BEST OFFENSIVE PLAY: The play call was the right one, it just didn’t work out the way it was supposed to, which was pretty much how most things went Saturday. But after Willie Garner recorded his first sack to stop a second-quarter Delaware Valley drive, Clark dialed up an RPO look for quarterback Elijah Shemory, who read it perfectly. He pulled the football out of the belly of the running back and hit receiver Elijah Palmer in stride on a slant. With no backside safety in sight, Palmer looked as if he may be on his way for a touchdown. It was the perfect call against the perfect defense for a big play. It just so happened Palmer dropped the ball running free as he tried to switch it from one arm to the other, and the play ended in a turnover.
LOCAL ROUNDUP: Lycoming – Jersey Shore graduate Elijah Shemory completed 6 of 12 passes for 56 yards. It was the fewest completions, attempts and yards of his career. Montoursville’s Keith Batkowski led the Warriors with seven carries for 37 yards. He also returned one kickoff for 16 yards. Jersey Shore’s David Tomb recorded three tackles, all solo stops, from his defensive tackle spot. Hughesville’s Jase Wright recorded one tackle from his linebacker position. Senior Jake Strassner, a Montoursville graduate, recorded his first career tackle. And Montgomery graduate Dan Beckley played, but did not record any stats.

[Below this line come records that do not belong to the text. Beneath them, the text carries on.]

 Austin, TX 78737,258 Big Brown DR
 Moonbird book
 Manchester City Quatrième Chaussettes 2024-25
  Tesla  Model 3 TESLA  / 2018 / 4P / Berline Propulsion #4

LYCOMING OFFENSIVE MVP: It would be disingenuous to name an offensive MVP in a game where the Warriors recorded its fewest offensive yards in two years and failed to convert a single third down for the first time in 13 years. It is worth noting Batkowski ran well in the first quarter, averaging nearly 6 yards per carry, but that was about the lone highlight offensively.
LYCOMING DEFENSIVE MVP: Sam Pawlikowski continues to establish himself as one of the most athletic presences on the Warriors’ defense. The senior from New Jersey recorded at least eight tackles for the third consecutive game. His six solo stops led the team Saturday. Pawlikowski has proven to be effective playing in the short passing game or coming up to the line to stop the run and is having the best season of his career.

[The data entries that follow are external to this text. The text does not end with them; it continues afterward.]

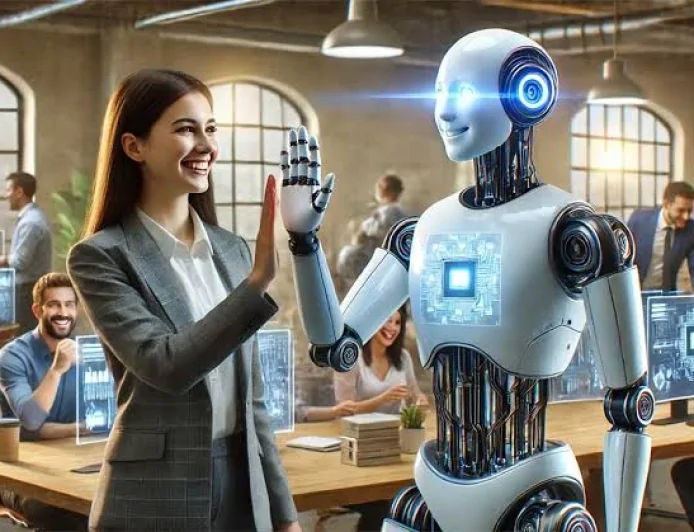 The jobs AI Can’t update: Why human beings still matter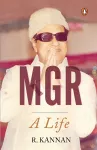 MGR: A Life cover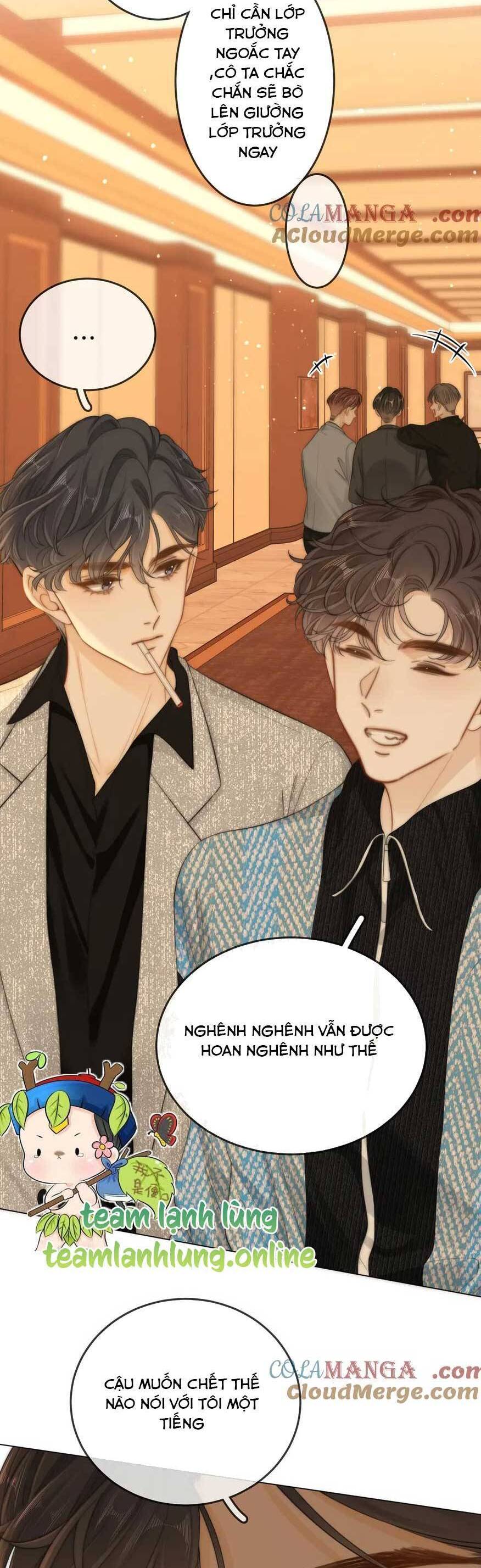 Vưu Vật Chapter 34 - 6
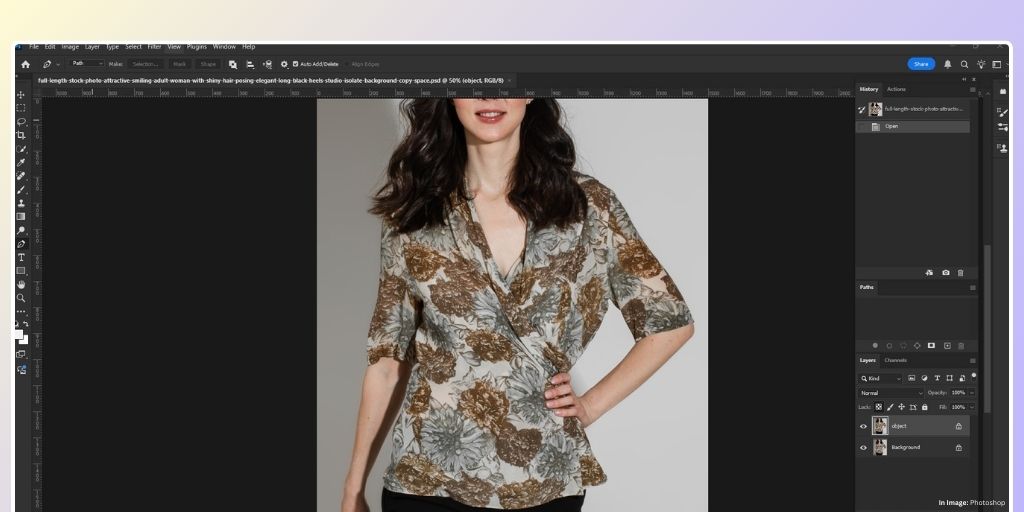 Adobe Photoshop for batch image resizing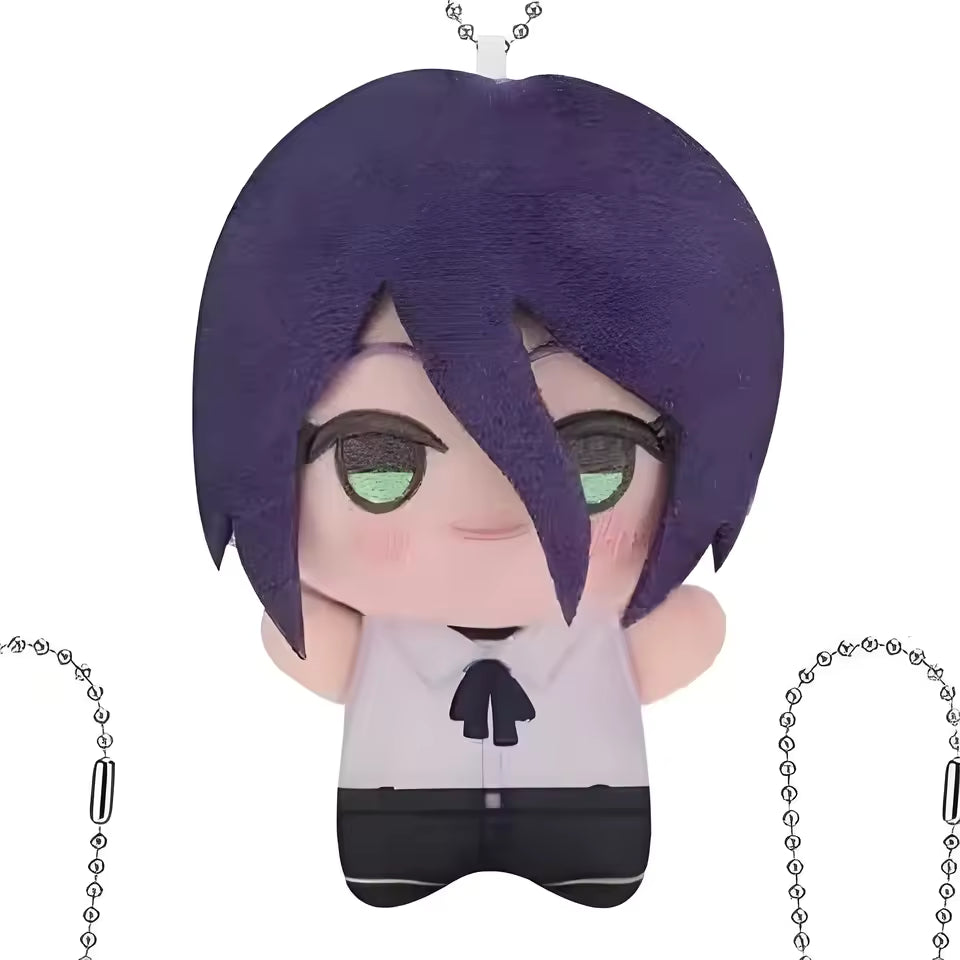 Chainsaw Man The Movie: Reze Arc – Mascot Plush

UNSUNG HERO: Safety Jeff Coplin had some experience a year ago playing cornerback. So with D.J. Boyd still out before of a shoulder injury, Coplin was given a start at cornerback last week while freshman Austin Rowley and sophomore Allen Martin handled the two safety spots. Coplin recorded six tackles (five solo) and forced the fumble in the fourth quarter which Gianni Bryant-Lopez returned for a touchdown to keep Lycoming from being shut out for the first time since 2010.